**Task brief**
Each line, starting at the one with "Vue détaillée de" and running to the end of the data below, is to be set down again exactly, both ends included; leave pictures out.

**Data**

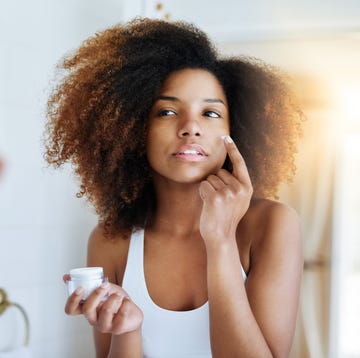 Woman using moisturizer in mirror Woman using moisturizer in mirror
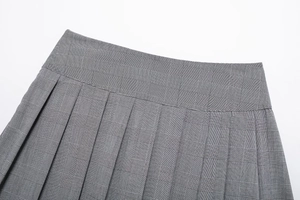 Vue détaillée de la taille à boucle et des plis gris à carreaux sur la mini-jupe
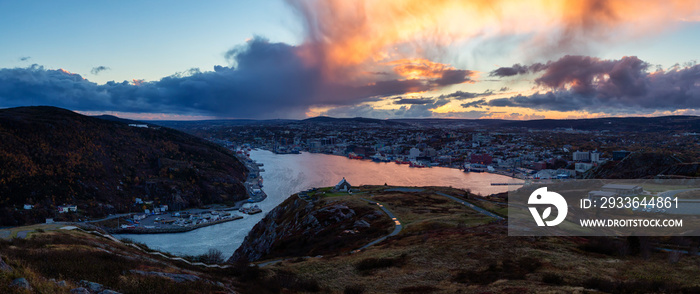 Aerial panoramic view of a modern cityscape on the Atlantic Ocean Coast during a dramatic sunset. Taken in St. John’s, Newfoundland and Labrador, Canada.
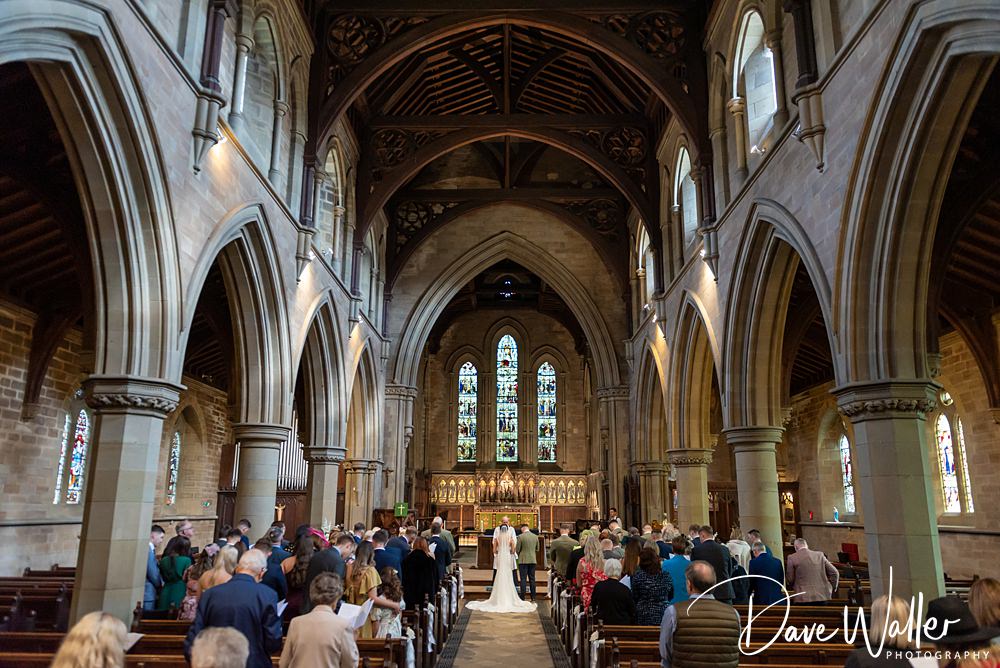 A bride and groom stand at the altar in a large, ornate church with arched ceilings and stained glass windows. Guests fill the pews, seated on either side, witnessing Georgia & Luke's wedding, a beautiful prelude to their Wentbridge House celebration.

**Written solution**
 Vue détaillée de la taille à boucle et des plis gris à carreaux sur la mini-jupe
 Aerial panoramic view of a modern cityscape on the Atlantic Ocean Coast during a dramatic sunset. Taken in St. John’s, Newfoundland and Labrador, Canada.
 A bride and groom stand at the altar in a large, ornate church with arched ceilings and stained glass windows. Guests fill the pews, seated on either side, witnessing Georgia & Luke's wedding, a beautiful prelude to their Wentbridge House celebration.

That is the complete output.